The tone of the show is set by Ludwig's two large Rose Cakes. Each is 28 inches high and covered in layers of fat icing roses so thick that it's difficult to tell where one layer ends and the next begins. These Italianate delicacies would be fit for a Godfather wedding, were their elegance not killed by their ghoulish color -- one is a sick, saturated teal and the other a venomous, monochrome purple.

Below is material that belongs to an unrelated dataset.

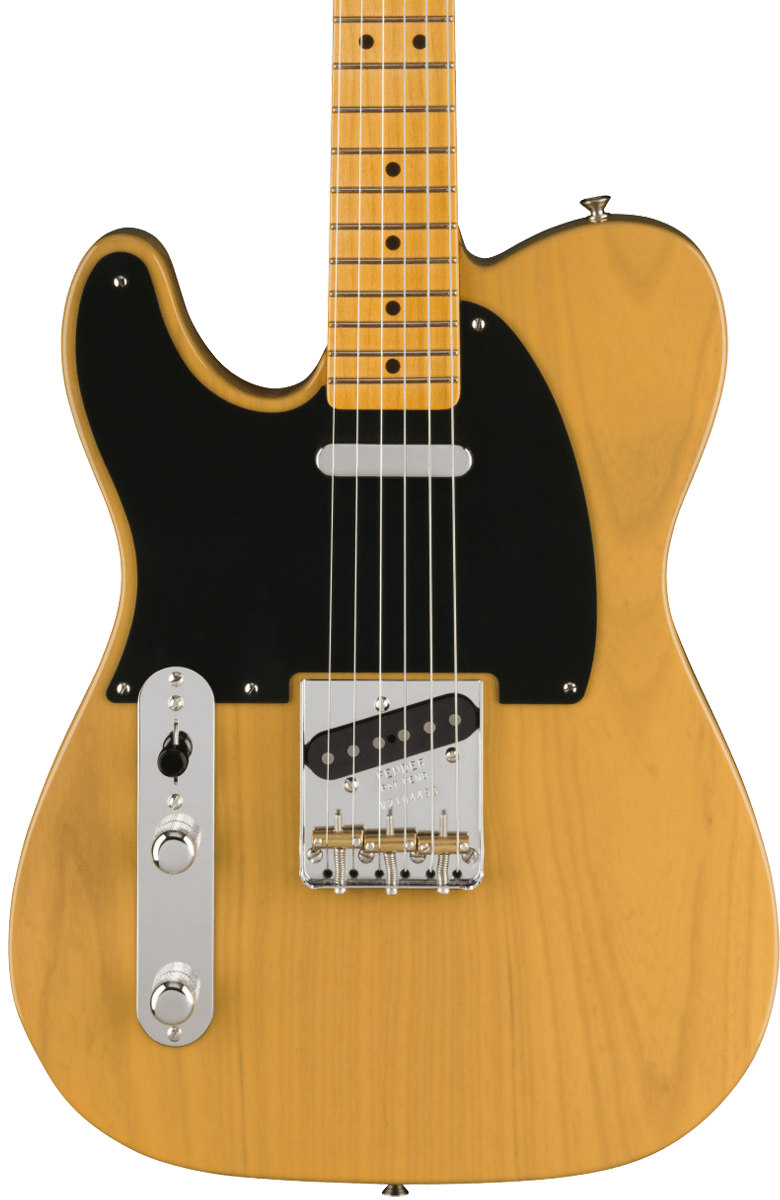 Front of Fender American Vintage II 1951 Telecaster Left Hand MP Butterscotch Blonde.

Ludwig's work emphasizes the painstaking architecture of cake building, aligning it with the traditionally male provenance of construction (in fact, traditional cake decorations such as bows and columns are related to architectural frippery). Still, Ludwig's larger cakes have a human presence that skyscrapers do not. Tears -- a piece that, due to its elegiac tone, should be the last work you see in the show, but instead is the first -- is a seven-tier, funereal tower of Pisa. Wearing a mourning veil fashioned from threaded needles jabbed into each layer of the black cake, the four-foot Tears leans off its pedestal as if contemplating a fall. Tears (why does Ludwig have such a penchant for terrible titles?) is the negation of a celebration, a cake that needs dusting. It's a cake that Martha Stewart, bless her, would hide in the closet.

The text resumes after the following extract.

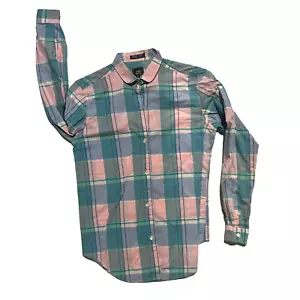 John Henry Women Pink and Blue Plaid Long Sleeve Collared Button Up Shirt Sz 8 - Picture 1 of 6
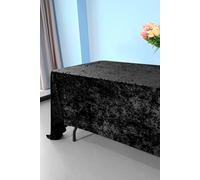 Neel Blue Diamond Velvet Rectangle Tablecloth - 90 x 156 Inch in Black Neel Blue Black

In her "Baker's Dozen" series, Ludwig is a saboteur, suggesting a subtle terrorist threat to the delicate construction of her miniature cakes. Each is done primly in white, yellow and blue, like a small town decked out for an Easter celebration. Into each, the artist has embedded unlit matches, little land mines waiting to be sparked. Operating much the same way as the tiny eggs and birth control pills Ludwig used to decorate earlier cake works, the matches add a formal and symbolic oomph to a too-pretty series. Thirteen of these little beauties should be plenty, but for Ludwig, unfortunately, it's not: She milks her idea in Pretty Poison, a large black cake with match-head florets.

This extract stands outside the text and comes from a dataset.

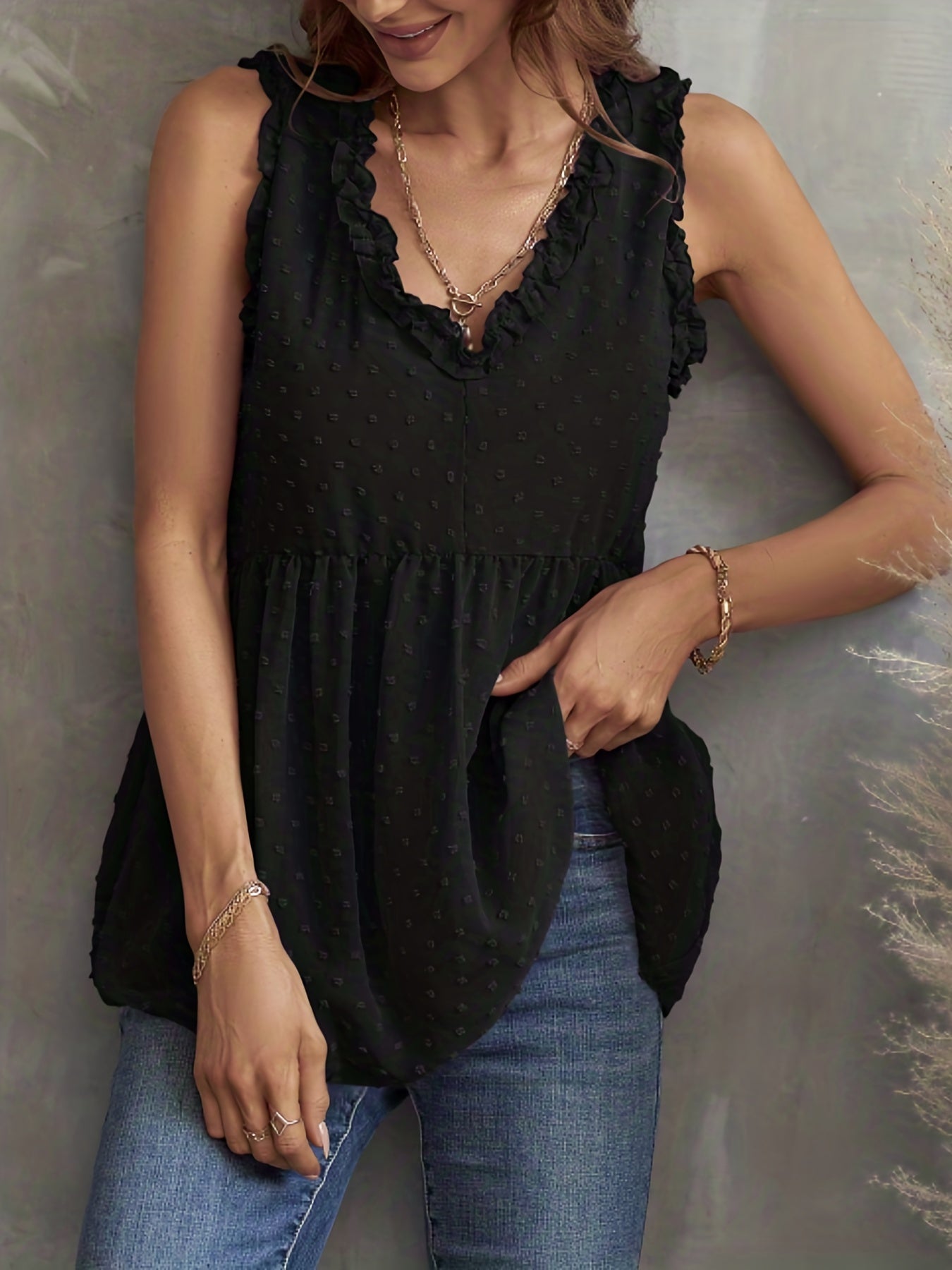 Chiffon V Neck Tank Top Casual Summer Sleeveless Loose Fit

The "Endless Summer" series -- which consists of 13 doublewide slices of a giant three-layer cake, each petrifying in its individual glass vitrine -- contains the show's most powerful works. The flesh of the cake is an angry red velvet; slabs of thick, white icing slide off the sides of the pieces into creamy, frilly puddles. The layers of each piece sit slightly askew, tectonically dislodged. These servings, no matter how generous, glower with a mildly paranoid housewife subtext; the title itself suggests not the idylls of the Beach Boys album of the same name, but entrapment and boredom. These works have the deliberate bitterness of a Sylvia Plath poem. Plath stuck her head in the oven; Ludwig substituted a cake.
Ludwig's choice is more productive, to be sure. In fact, the artist has provided a literal feast for the eyes. In doing so, she does what art supposedly ought to do in the same way a housewife puts dinner on the table every night. But there again is that inarguable subversion: Ludwig's cakes as art are the very opposite of food.